- _WHAT TO PRODUCE_:
Your reply should reproduce each line below exactly and carry none of the pictures.

Captioned web image data:
--------------------------------

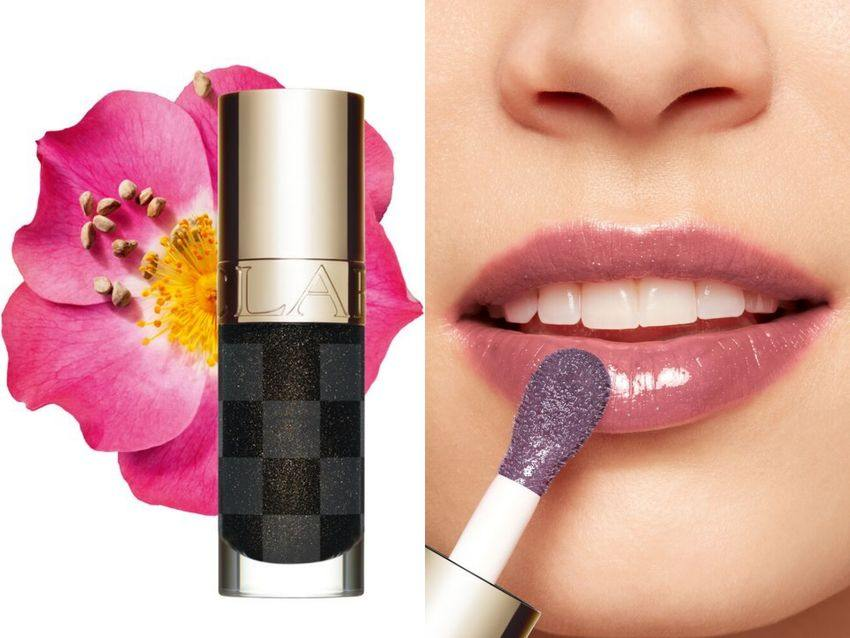 💋💄👑【CLARINS 克蘭詩 彈潤植萃美唇油 💋黑白棋盤限定版 #25 女王黑】👑💄💋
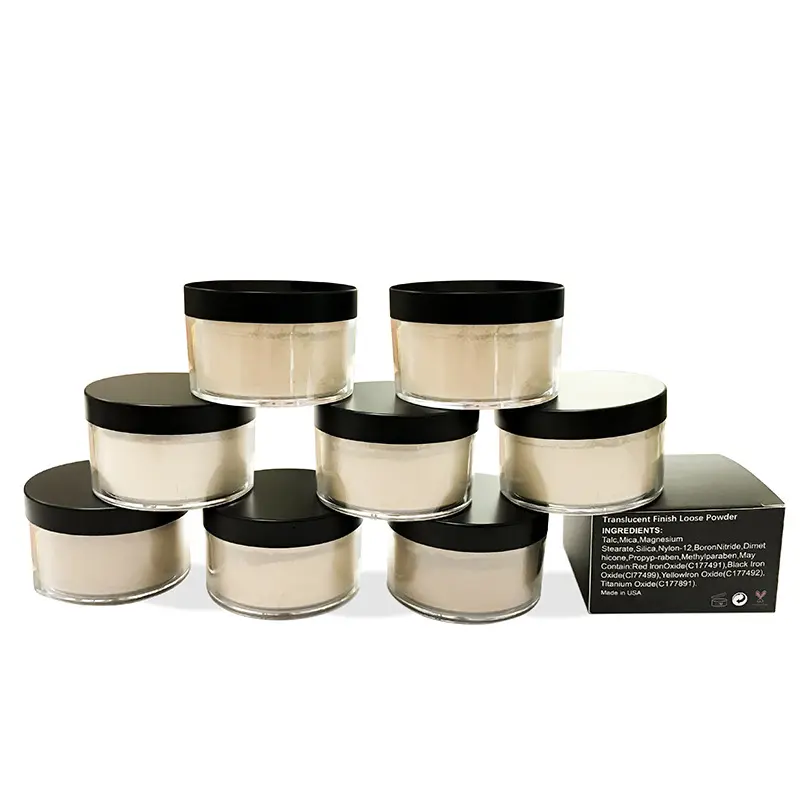 Kosmetik Mineral bedak Foundation riasan wajah kualitas bagus 17 warna bedak Setting longgar alami wanita MSDS OEM/ODM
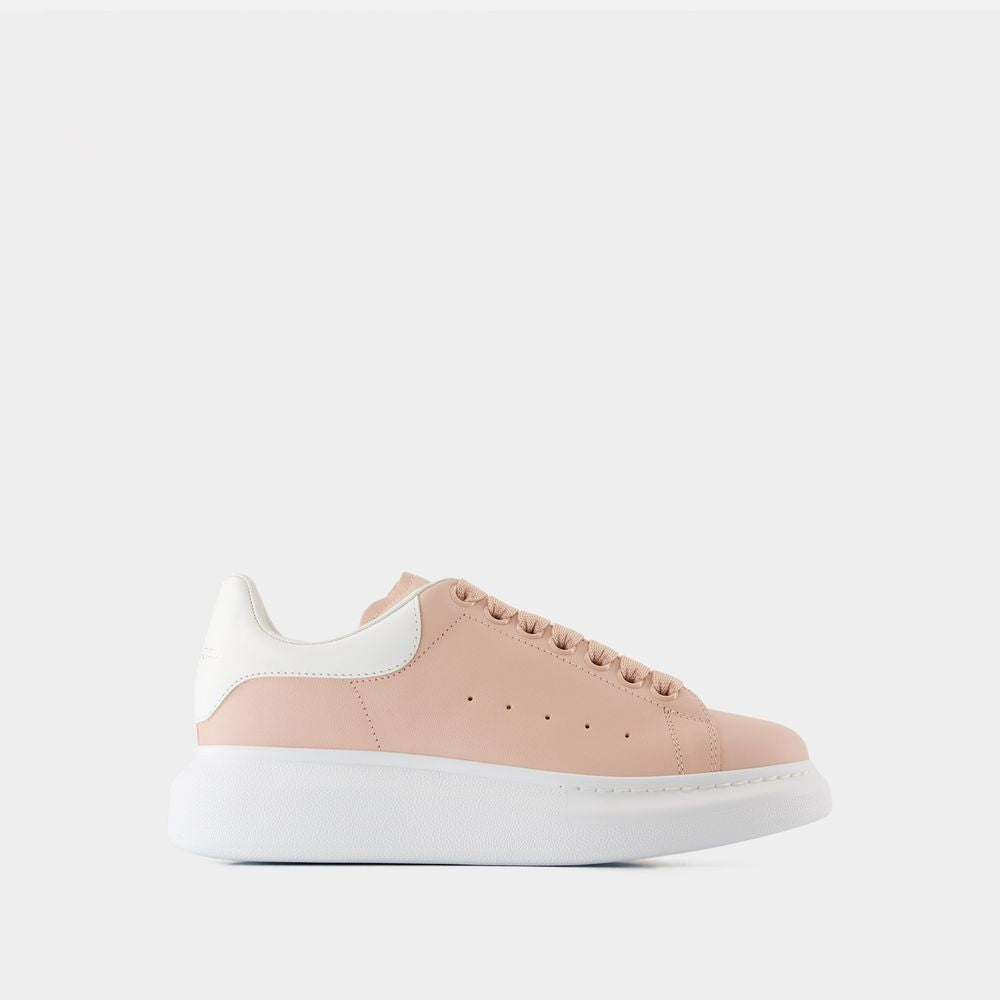 Women's Sneakers Oversized - Alexander McQueen - Leather - Pink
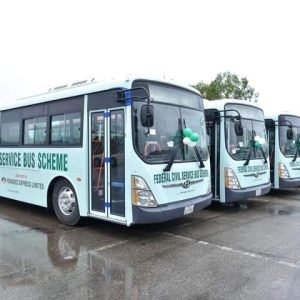 CNG-powered buses under the Federal Government's initiative to reduce transport fares and expand affordable transportation in Nigeria.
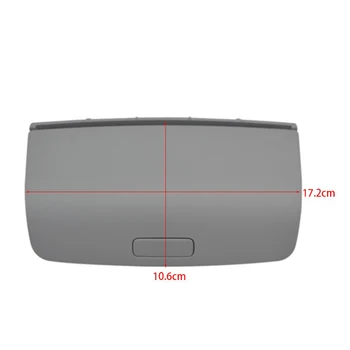 

Gray/Beige Car Roof Storage Box Sunglasses Case Eyeglass Holder Car Interior Accessory For Tiguan For Golf For Skoda For Passat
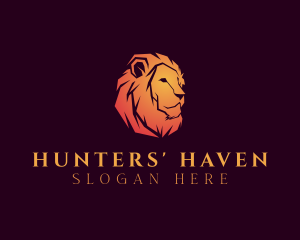 Wild Lion Hunter logo design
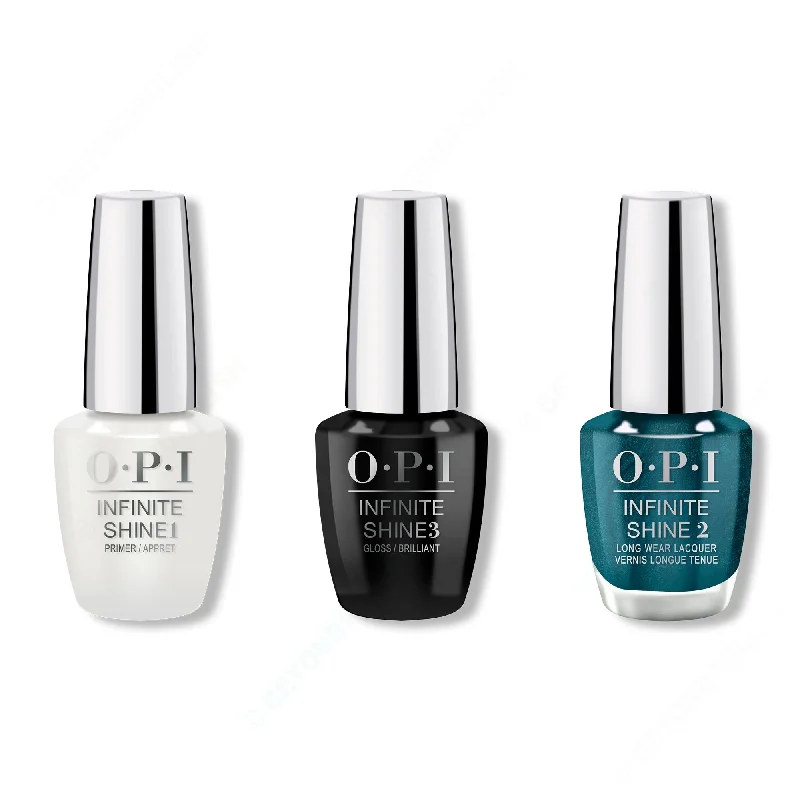 Pastel nail gel shades-OPI - Infinite Shine Combo - Base, Top & Let's Scrooge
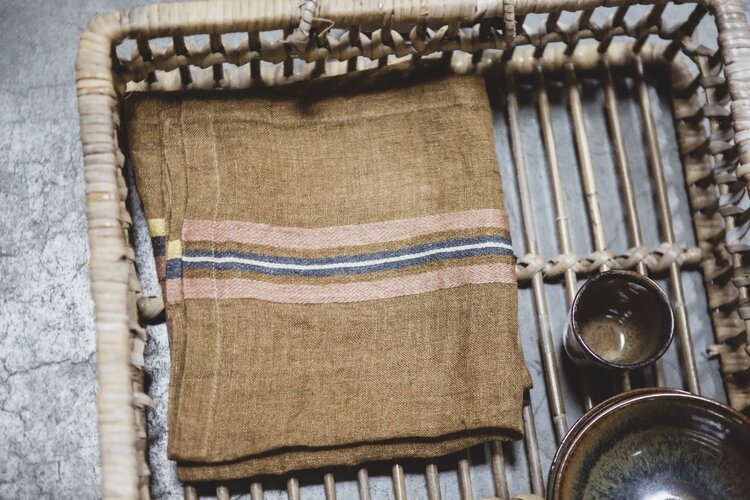Libeco Virginia servet - stripe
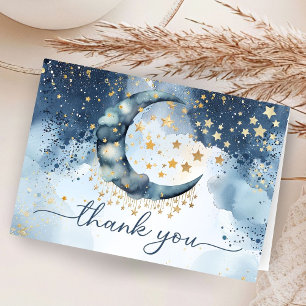 Remerciements Carte de remerciement pliée pour Baby Shower 'Over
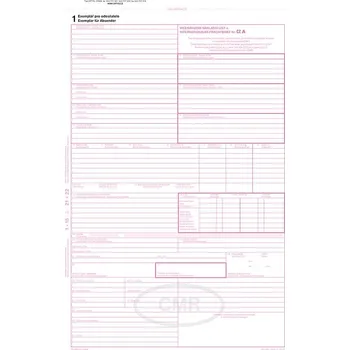 Tiskopis Mezinárodní nákladní list CMR A4, samopropisovací, 7 listů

--------------------------------

- _ANSWER TO THIS PROBLEM_:
 💋💄👑【CLARINS 克蘭詩 彈潤植萃美唇油 💋黑白棋盤限定版 #25 女王黑】👑💄💋
 Kosmetik Mineral bedak Foundation riasan wajah kualitas bagus 17 warna bedak Setting longgar alami wanita MSDS OEM/ODM
 Women's Sneakers Oversized - Alexander McQueen - Leather - Pink
 CNG-powered buses under the Federal Government's initiative to reduce transport fares and expand affordable transportation in Nigeria.

Gray/Beige Car Roof Storage Box Sunglasses Case Eyeglass Holder Car Interior Accessory For Tiguan For Golf For Skoda For Passat
 Wild Lion Hunter logo design
 Pastel nail gel shades-OPI - Infinite Shine Combo - Base, Top & Let's Scrooge
Libeco Virginia servet - stripe
 Remerciements Carte de remerciement pliée pour Baby Shower 'Over
 Tiskopis Mezinárodní nákladní list CMR A4, samopropisovací, 7 listů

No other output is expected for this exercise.